Variety Photoplays poems by Edward Field
I bought this a long time ago. I even got Edward Field to sign it. But, as much as I like Field’s poetry, I held off reading
Variety Photoplays because so many of the poems contained spoilers to old movies. Field basically retells the plots of
Frankenstein and
Bride of Frankenstein and
SHE, and I hadn’t seen them! I still haven’t seen
SHE — and now I don’t have to! I had a hankering to read Edward Field’s newest book,
After the Fall: poems old and new, but when I opened it I remembered that I hadn’t yet read
Variety Photoplays. So I’m reading
Variety Photoplays.
Selected Poems by W. H. Auden, edited by Edward Mendelson
I’ve said before that I won’t read a selected when I can read a complete. I have the feeling I’m going to renege on that commitment more often than I’m going to comply. I’m reading Auden rather the way I read Emily Dickinson. I read at least two pages at a sitting. I read at least two pages so I can physically turn a page and know when next I open the book I will be reading a poem new to me. I was doing that thing where I open to the placemark and find myself rereading the poem I read last time then stopping because one poem was all I could handle. One does need to move along.
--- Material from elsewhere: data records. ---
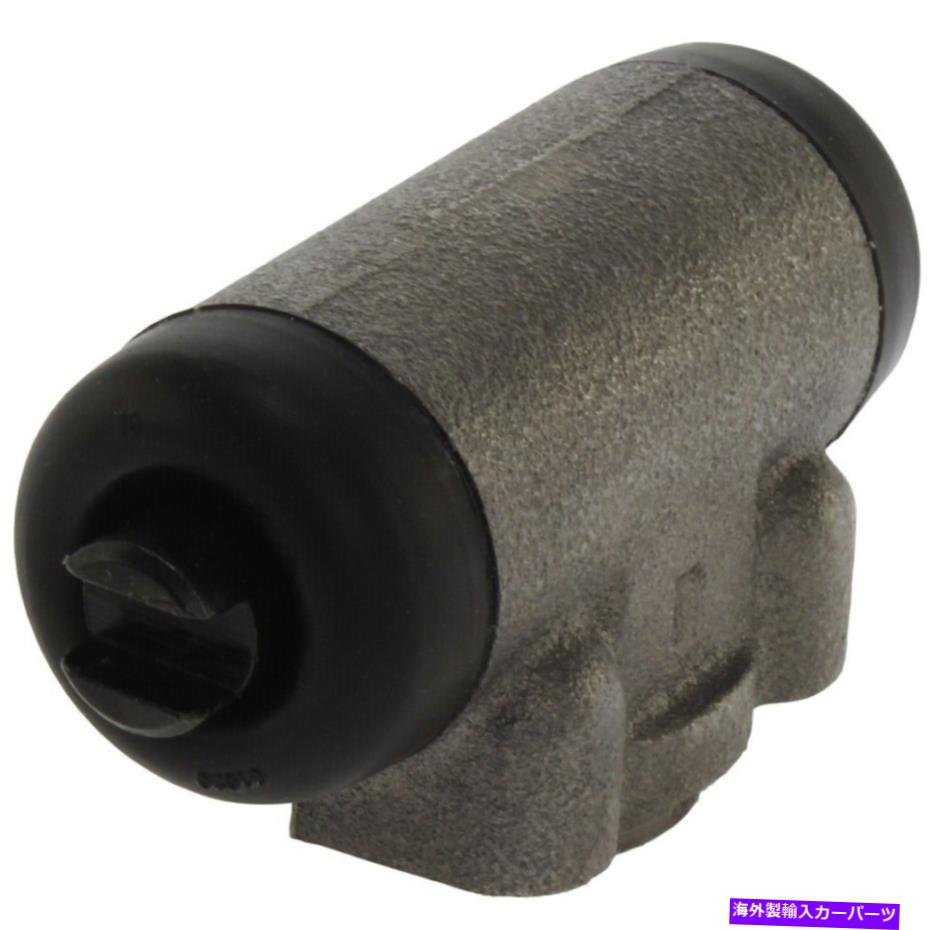 Wheel Cylinder ドラムブレーキホイールシリンダー - プレミアムホイールシリンダーリア左中心134.46006 Drum Brake Wheel Cylinder-Premium Wheel Cylinders Rear Left Centric 134.46006【並行輸入品】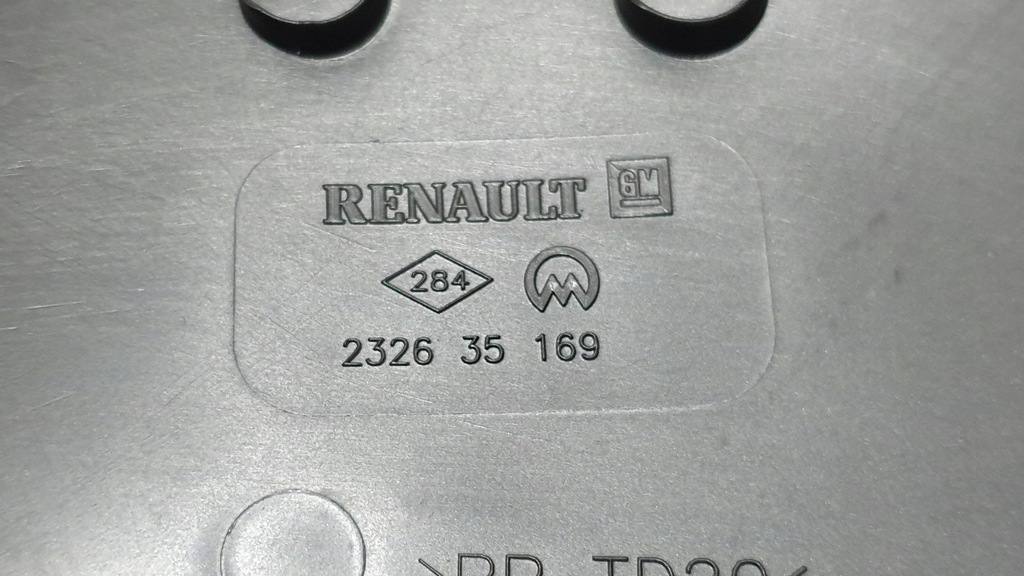 фото №11, Корпус защита зеркало vivaro b trafic 232635169 93451848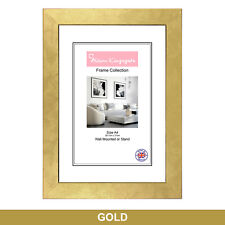 Square Picture Frames Black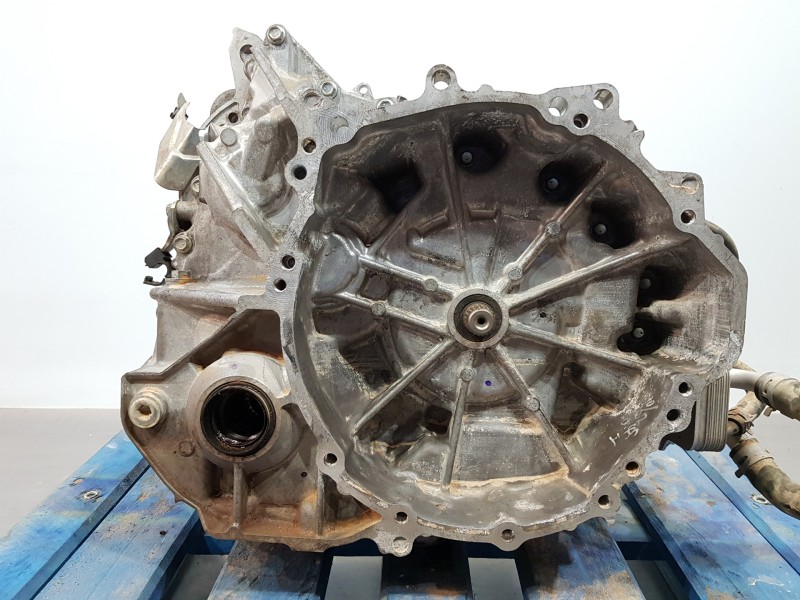 Recambio de caja cambios para toyota c-hr hybrid referencia OEM IAM 3090047110  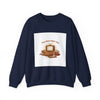 Unisex Heavy Blend™ Crewneck Sweatshirt by Tristan’s Treehouse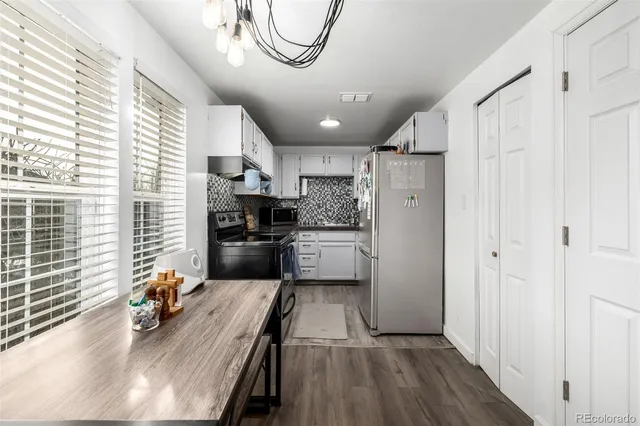 $225,000 | 1505 South Ouray Circle, Unit D, Aurora, CO 80017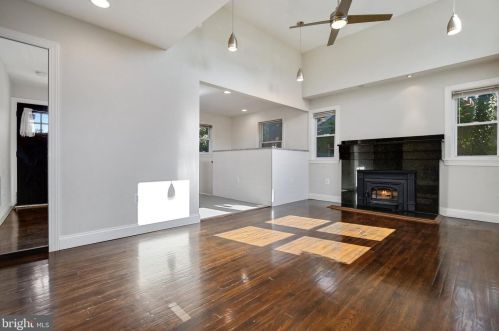 1611 Noyes Dr, Silver Spring MD 20910-2224 exterior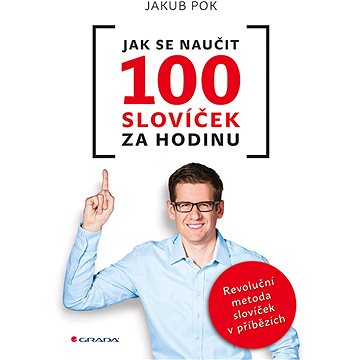 

Jak se naučit 100 slovíček za hodinu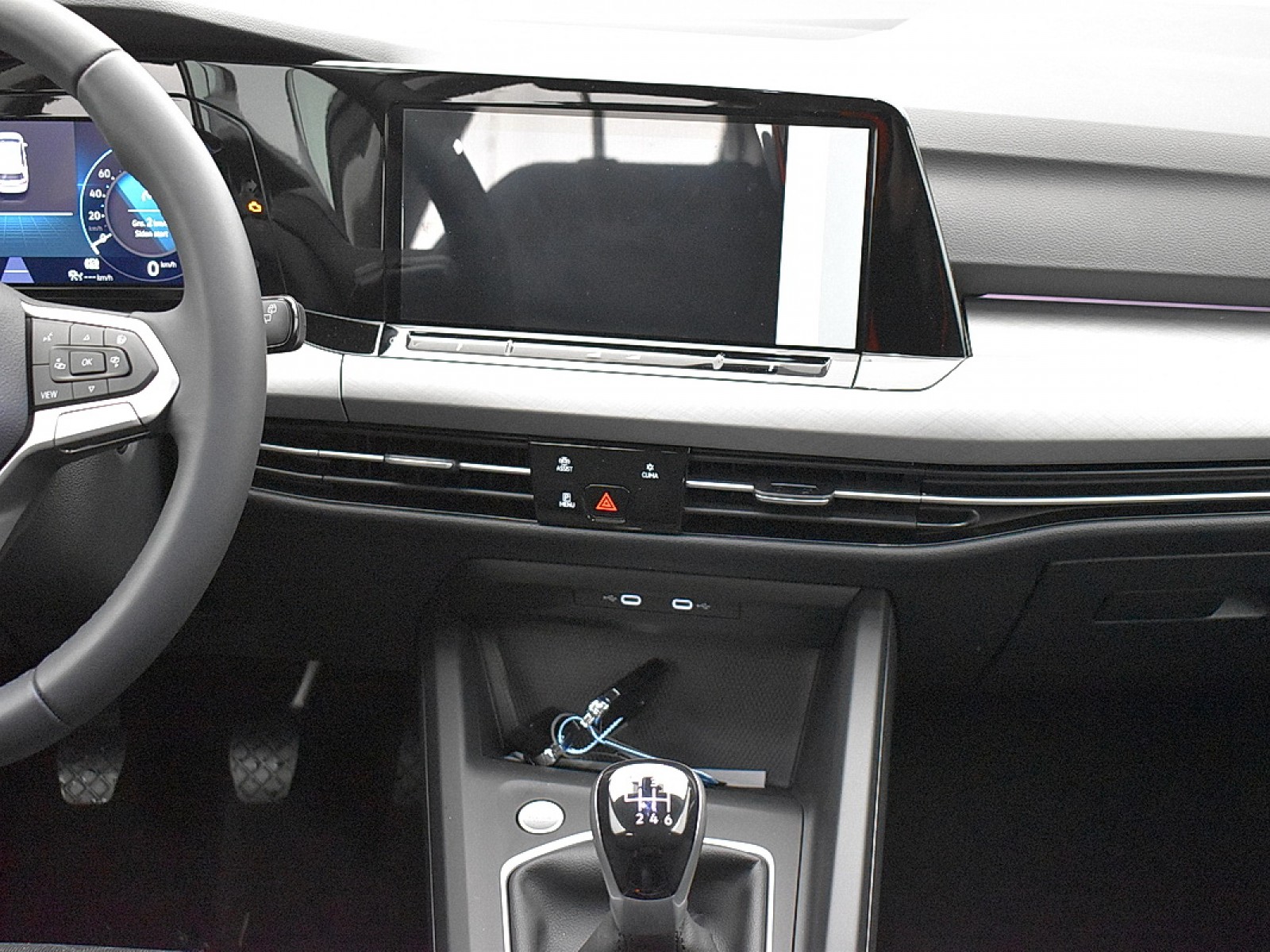 VOLKSWAGEN - GOLF - #184114 - 11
The Flayed God: the mythology of Mesoamerica by Roberta H. Markman and Peter Markman
I’ve returned to
The Flayed God after a long pause.The worldview of the Mesoamerican empires can be, well, unsettling. The Aztecs are known for human sacrifice, but did you know they would strip the skin off a victim and wear the skin around for a month? I know there are intense, world-preserving mystical justifications for this, but — shudder — it still looks like butchery, doesn’t it?
The Pillow Book of Sei Shonagon translated and edited by Ivan Morris
Sei Shonagon was a contemporary of Murasaki, the woman famous for writing what may be the first novel,
The Tale of Genji. In her
Pillow Book Sei Shonagon records anecdotes, impressions, and likes and dislikes. For instance, in a list titled “Depressing Things,” she mentions, “A dog howling in the daytime. … A cold, empty brazier. An ox-driver who hates his oxen.”
From the Other Side of the Century: a new American poetry 1960-1990 edited by Douglas Messerli
An 1100 page anthology. I’m going to be at this one for quite some time. Messerli’s project focuses on the experimental, the innovative. Lyn Hejinian, yes; Robert Hass, no. Allen Ginsberg, yes; Robert Lowell, no. Rae Armentrout, yes; Louis Gluck, no.